Method: For each corpus $C$, estimate the regeneration function $g_C(D)$ via the following operationalization. (1) Sample windows of equal size across time. (2) Compute diversity $D(t)$ at multiple resolutions per Study 2 methodology. (3) Estimate $\dot{D} \approx (D(t+\Delta t) - D(t))/\Delta t$. (4) Fit $\dot{D} = g(D) - pD$ via nonlinear regression to $(D(t), \dot{D}(t))$ pairs across windows. (5) Classify by behavior of $g$ as $D \to 0$: floor $g(0) > 0$ (case 1), $g'(0) > 0$ but $g(0) = 0$ (case 2), $g'(0) = 0$ (case 3).

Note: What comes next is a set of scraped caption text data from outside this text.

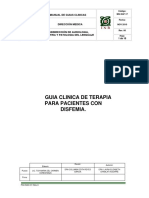 Guía clínica para el tratamiento de pacientes con disfemia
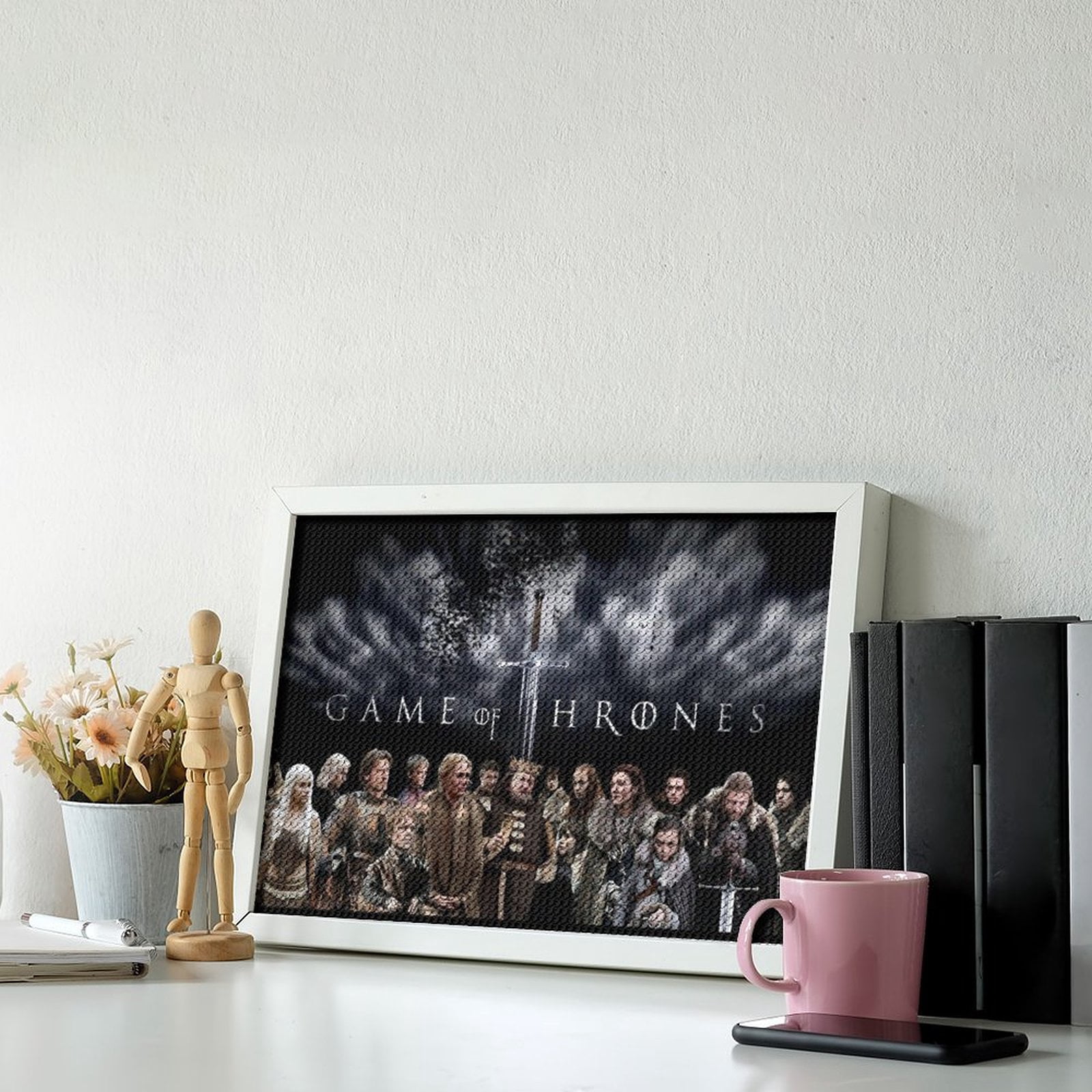 5D DIY Diamond Painting Kit - Game Of Thrones Poster, Round Full Drill, 30x40 Cm, Home Wall Decor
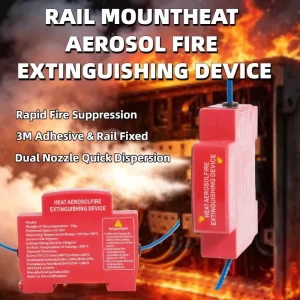 Rail Mounted Automatic Hot Aerosol Fire Extinguishing Device for Electrical Distribution Cabinet Fire Protection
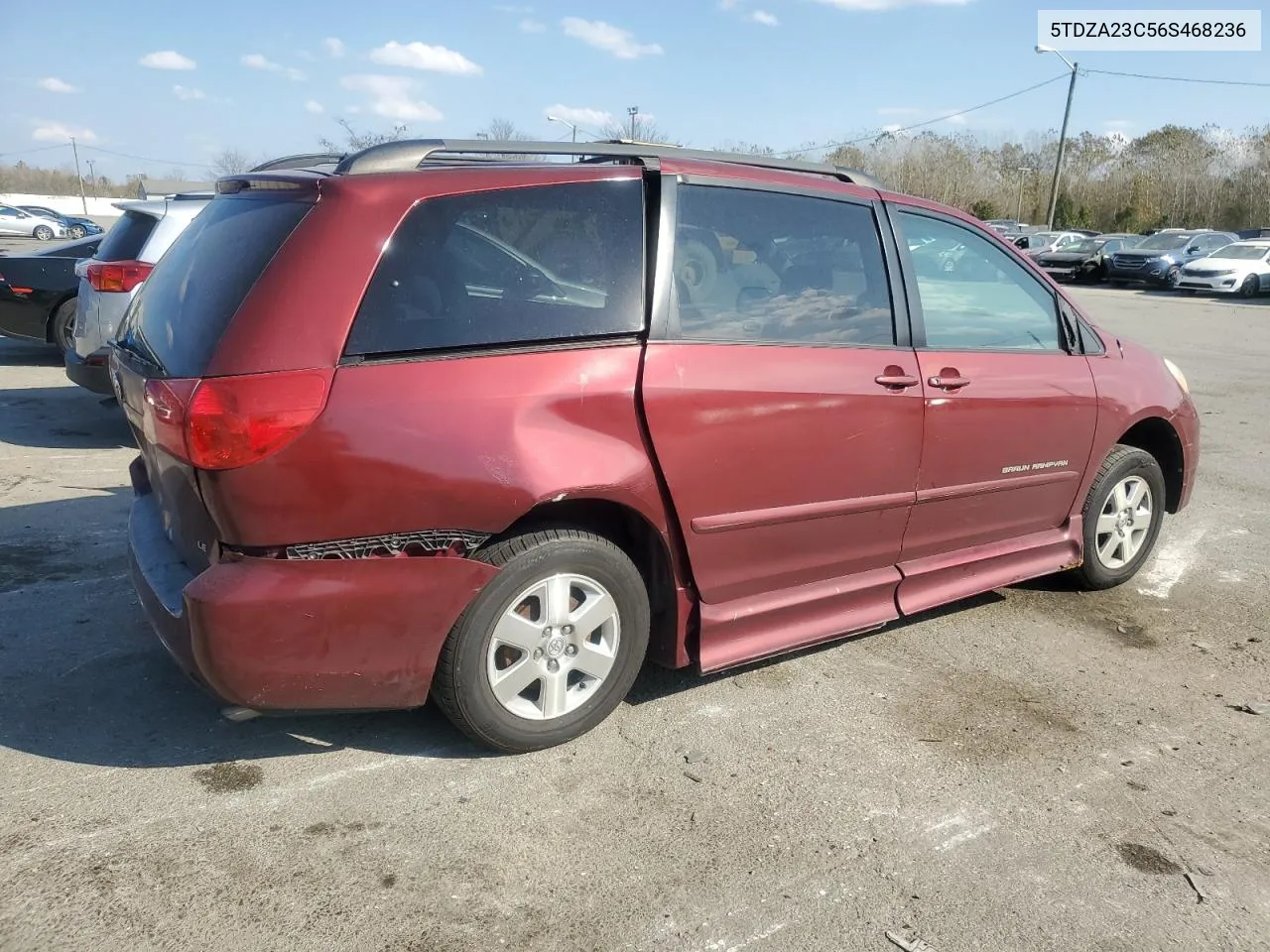 2006 Toyota Sienna Ce VIN: 5TDZA23C56S468236 Lot: 78215514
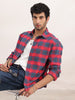 Comfort Fit Checkered Shirt | Red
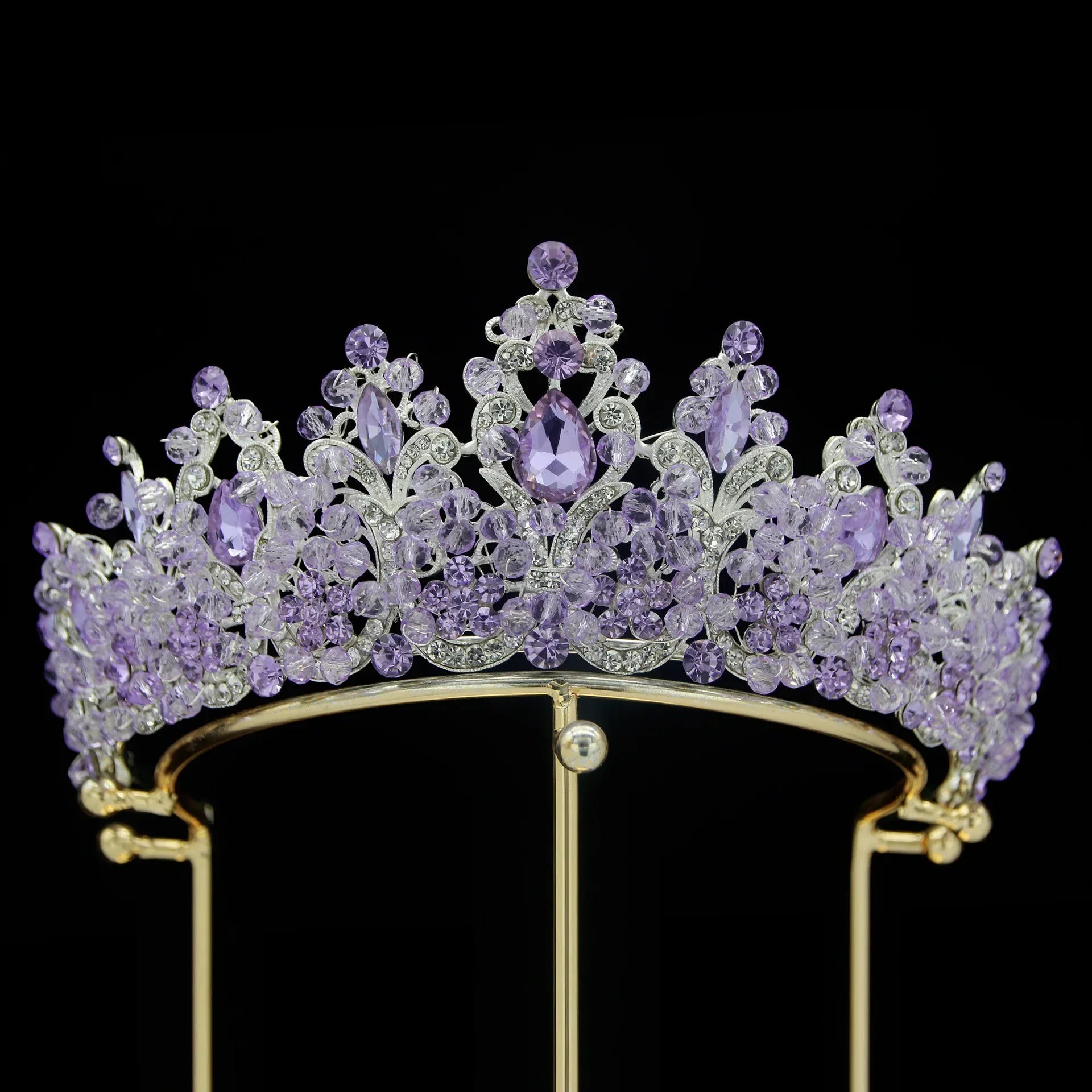 Crystal Queen Crowns For Women Princess Bridal Tiara Crown For Wedding Pageant Headpieces Bride Party Prom Hair Jewelry Diadem as picture 3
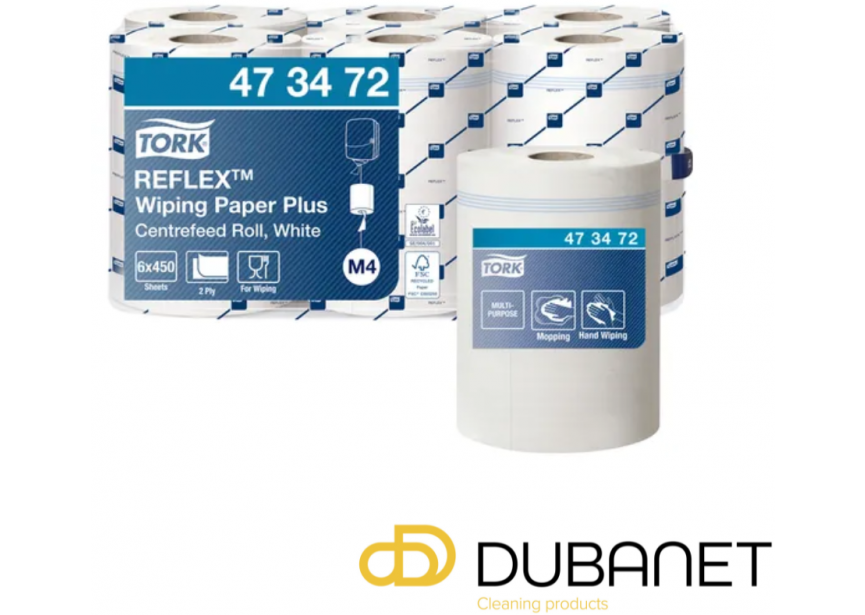TORK REFLEX M4 WIPING PAPER PLUS WIT 473472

Data: Three temporal corpora spanning 2010–2026:

  • arXiv abstracts (cs.LG, cs.CL, q-bio), via bulk-data S3 access (https://info.arxiv.org/help/bulk_data.html). ~2M abstracts.
  • Reddit comments (non-NSFW subreddits, balanced topic mix) via Pushshift archives. ~50M comments per year.
  • English Wikipedia article texts (sampled at quarterly intervals) via Wikimedia dumps (https://dumps.wikimedia.org).

Prediction: All three corpora classify as case-3 (super-linear vanishing) at fine $\varepsilon$. Coefficient estimates: $g'(0) \in [0, 0.05]$ for all three at $\varepsilon \leq 0.01$ resolution. None classify as case-1 at any tested resolution.

Falsifier: Any corpus shows $g'(0) > 0.10$ at fine $\varepsilon$ (indicating linear vanishing or floor); no consistent classification across resolutions; regression $R^2 < 0.3$ (model misspecified).

Status: Specification only. Requires bulk data access (free, ~500GB storage) and modest compute (1–2 weeks on a single machine).

Receipts: None yet. Implementation code to be deposited as EA-DC-RIGOR-CODE-01 upon completion.

Study 7. $m(D)$ elasticity across domains

Claim: §2.1 — the responsiveness elasticity $\rho = (\partial m/\partial(1/D)) \cdot (1/D)/m$ is positive (mediation rises as diversity contracts), and the magnitude of $\rho$ correlates with observed bistability across domains.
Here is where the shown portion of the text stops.